Just Watching the Pro-Ana Blogs
I'm reading a lot of posts at 140_or_over and I really want to reach out with some dieting tips, but I know I shouldn't interfere. I can only guess what they're feeling, and I'd probably be wrong. I remember the anxiety involved in returning to school in the Fall. And I was never overweight.
Look at some of these meal plans. When I first saw it, I thought I was looking at a day's plan. Then I looked closer, and it was a week's plan. I eat more in one sitting than they do for the whole day. And I consider myself to be undereating. But I don't even want to post anything, because it's not my place. Even though my blog is similar (every post about food, weight, workout, obsession) I'm obviously on a different planet. Well, the whole country has a problem with food and weight, and media images, so why should we criticize these girls?
Whatever. I think I'll have a banana this morning as well as the eggs and sausage I've already had. I matched my lowest 86.8 kg weight this morning, but I also moved the BF percentage down a point as well.
8 Comments:
Yeah...sorry but I'm in that community and you have NO IDEA what it's like to be ana, 'cuz you're not. Plus, you say you were "never overwieght" most of the girls in the comm. aren't overweight...they are either normal or under, like me. I'm 137 and 5'8, that's at least normal or a little under. But, I can't eat anything at all until I reach 120. No offense, but you just have no idea...so good job not posting comments, a lot of people would prob get mad. :)
If your BMI is over 25, then you are overweight. Based on your orig/current/goal stats, I can see that you have a BMI over 25.
I'm definitely fat now. But I was never overweight at school. I've also been obese, when I was at 106kg (BMI > 30).
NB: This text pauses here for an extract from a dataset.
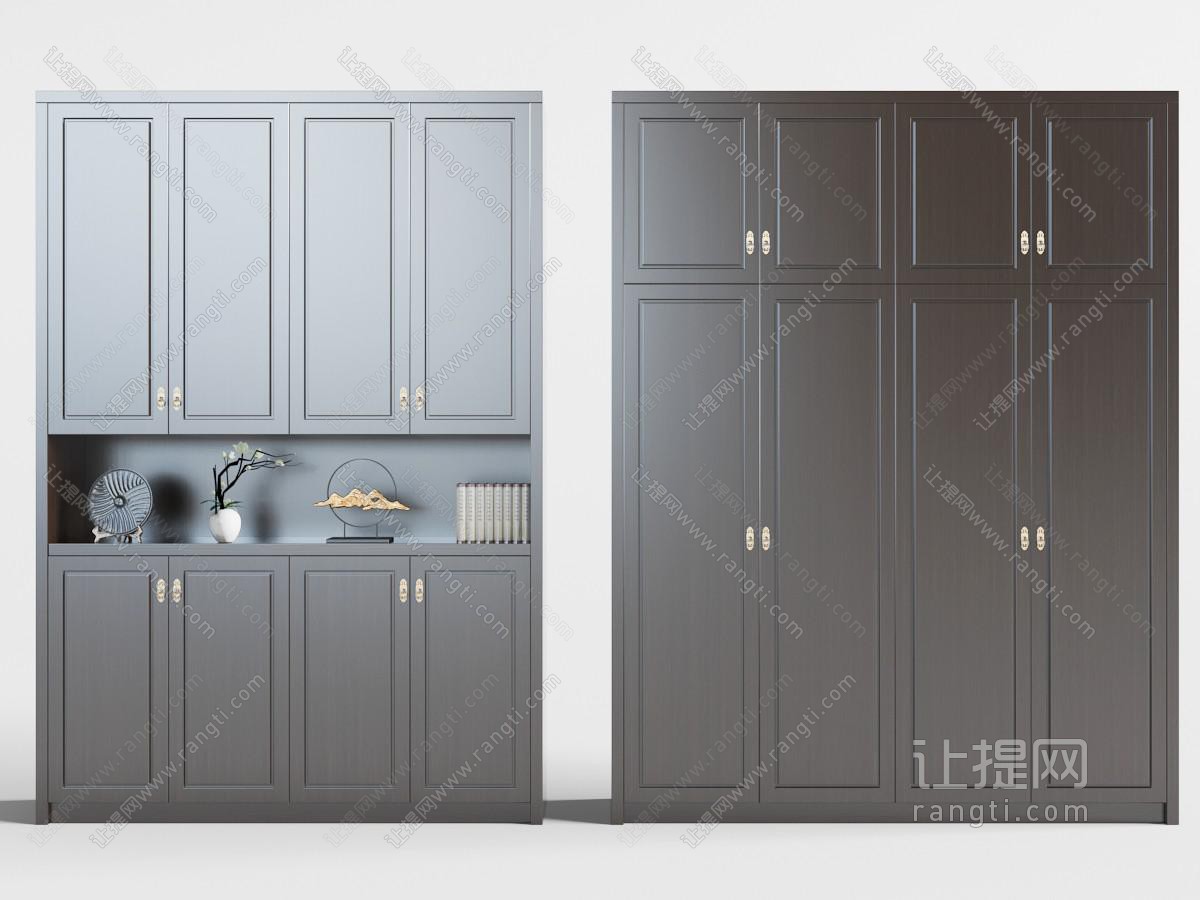 新中式实木装饰置物柜衣柜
Sorry if I called anyone overweight. I don't have any problem calling myself 'fat', but on the other hand, I won't go out with friends, or even see family while I'm fat. I'm embarassed about my weight, but I know I'll get it down close to ideal in another 2 months.
anorexia or ed-nos is very hard for me basically becasue i get most of it from my peers, and fam, but yea i'm 134 5'1 and i'm close to being a healthy weight, just 3 more puinds, but i won't eat until i wegih around 90 pounds no matter what....
anorexia or ed-nos is very hard for me basically becasue i get most of it from my peers, and fam, but yea i'm 134 5'1 and i'm close to being a healthy weight, just 3 more puinds, but i won't eat until i wegih around 90 pounds no matter what....
Hey, I post at that community. I just have to give you props that you posted this in your blog, not our community. It really showed a great deal of respect even if you don't agree with/understand what we do.
I wish you very good luck with your choice of regime and I really hope it works out for you as it seems to. If I had the choice I'd lose weight the healthy way, but I don't have the choice, I can only do it this way. An eating disorder isn't just a way to lose weight, it's an illness where body issues, depression, control issues and self injury all come together in an almost indeciferable quandary.
If you'd like to discuss this, you can e-mail me or comment in my journal, as long as you're respectful, which it seems you are.
Mercedes
icantusemyname@hotmail.com
Don't get it in your head that you can 'save' someone from their ED.
Mercedes, I'm starting to see the issues involved with ana; I also have irrational compulsions that I just have to do. (I can obsessively get involved in projects that become the most important thing in the world. I have to get them done, damn the cost to sleep, health, time. Then, after a while, I move on to something else, and I forget all about the original project. I guess it's a type of mania. I'm not proud of it.)
No, I don't want to change anybody, except myself. I'm blogging for myself, not for anyone else. Although I was pretty happy to find out that other people can get as obsesssed about food and weight as I am. I had no idea about these groups until last month when I searched for info on daily caloric intake of concentration camp inmates, and ran into the Fat Like Me website (pro-ed).